▶ [THE PROBLEM] Could you copy exactly the lines below, beginning at the line with "Couple meditating in park" and stopping after the line with "3D image shows", with no pictures?

STUDY MATERIAL Block Start

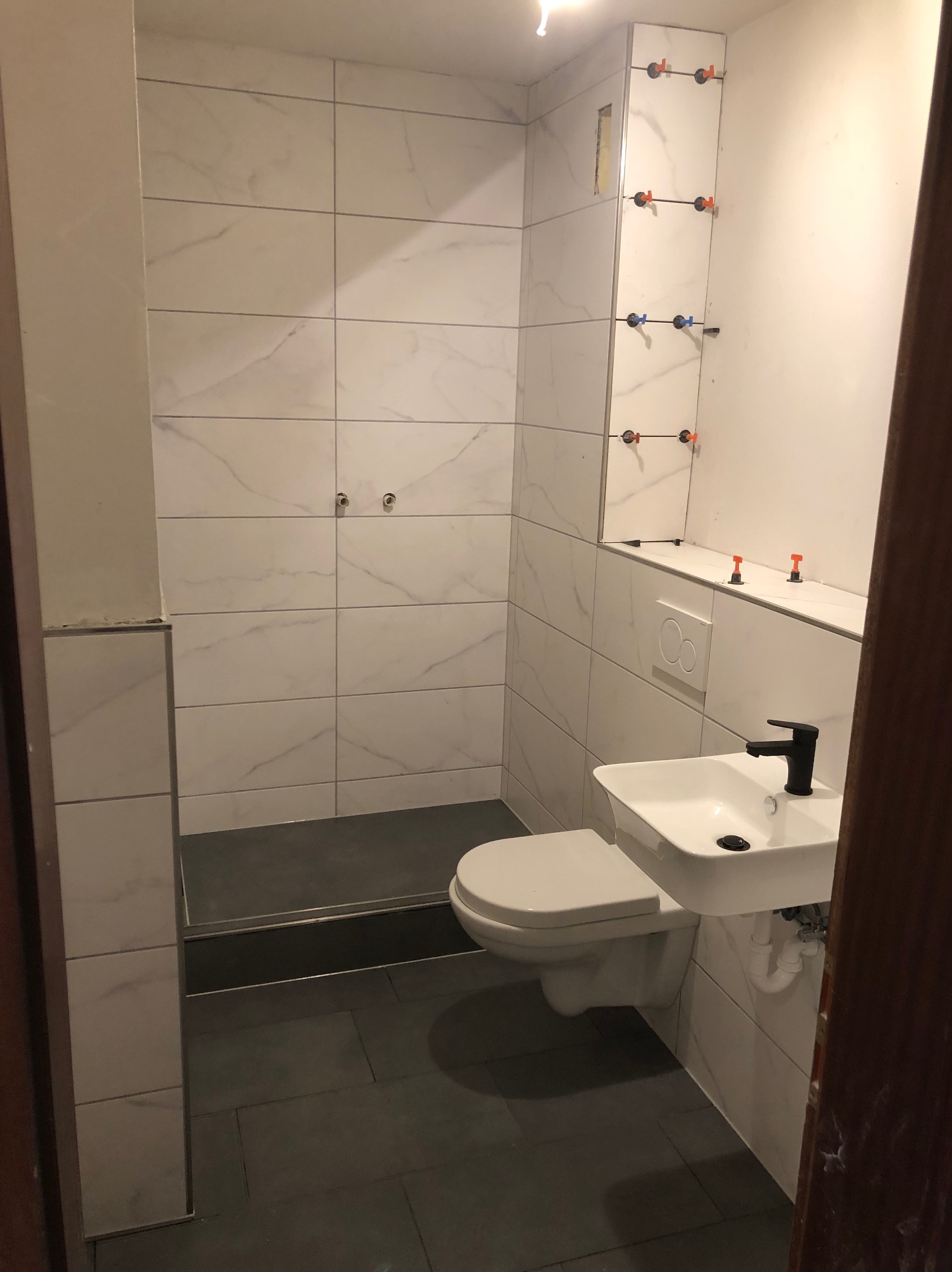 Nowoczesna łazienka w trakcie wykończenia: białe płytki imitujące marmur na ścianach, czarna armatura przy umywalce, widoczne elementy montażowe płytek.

STUDY MATERIAL Block End
STUDY MATERIAL Block Start

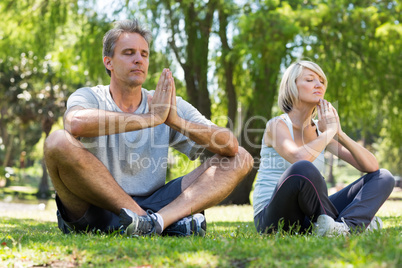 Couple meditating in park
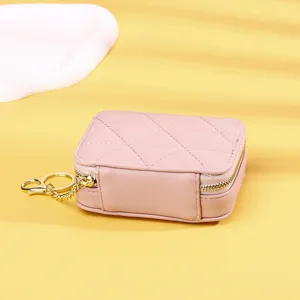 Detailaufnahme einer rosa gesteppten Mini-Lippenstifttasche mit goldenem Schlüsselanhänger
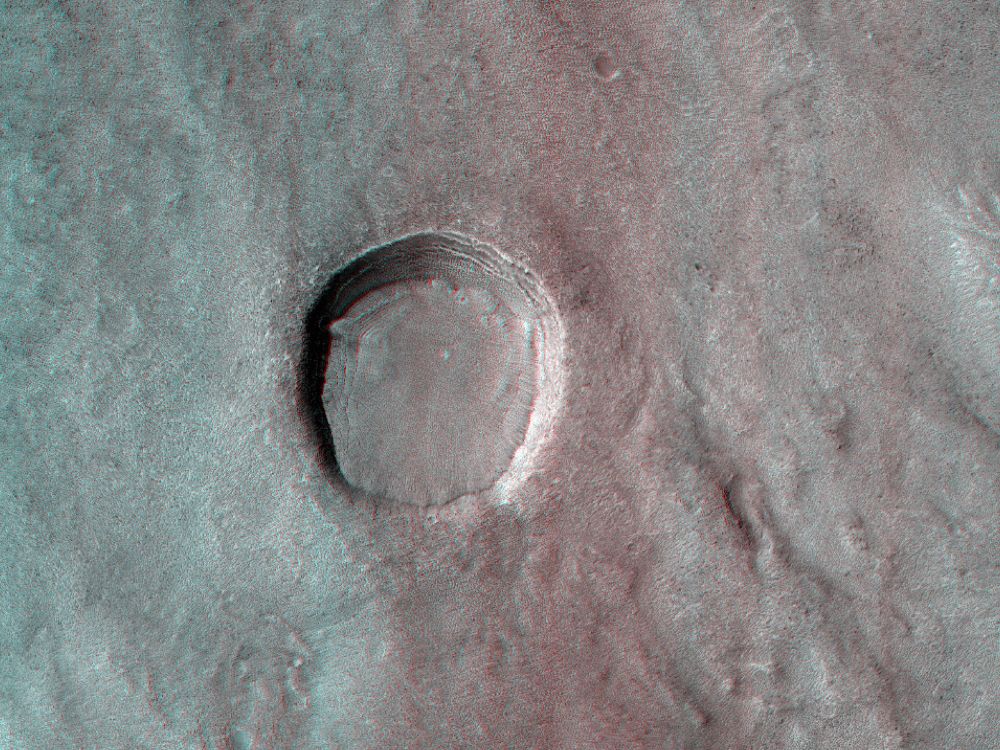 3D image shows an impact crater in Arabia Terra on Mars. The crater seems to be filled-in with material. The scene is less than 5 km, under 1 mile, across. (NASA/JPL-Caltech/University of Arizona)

STUDY MATERIAL Block End

▶ [EXERCISE OUTPUT]
 Couple meditating in park
 Detailaufnahme einer rosa gesteppten Mini-Lippenstifttasche mit goldenem Schlüsselanhänger
 3D image shows an impact crater in Arabia Terra on Mars. The crater seems to be filled-in with material. The scene is less than 5 km, under 1 mile, across. (NASA/JPL-Caltech/University of Arizona)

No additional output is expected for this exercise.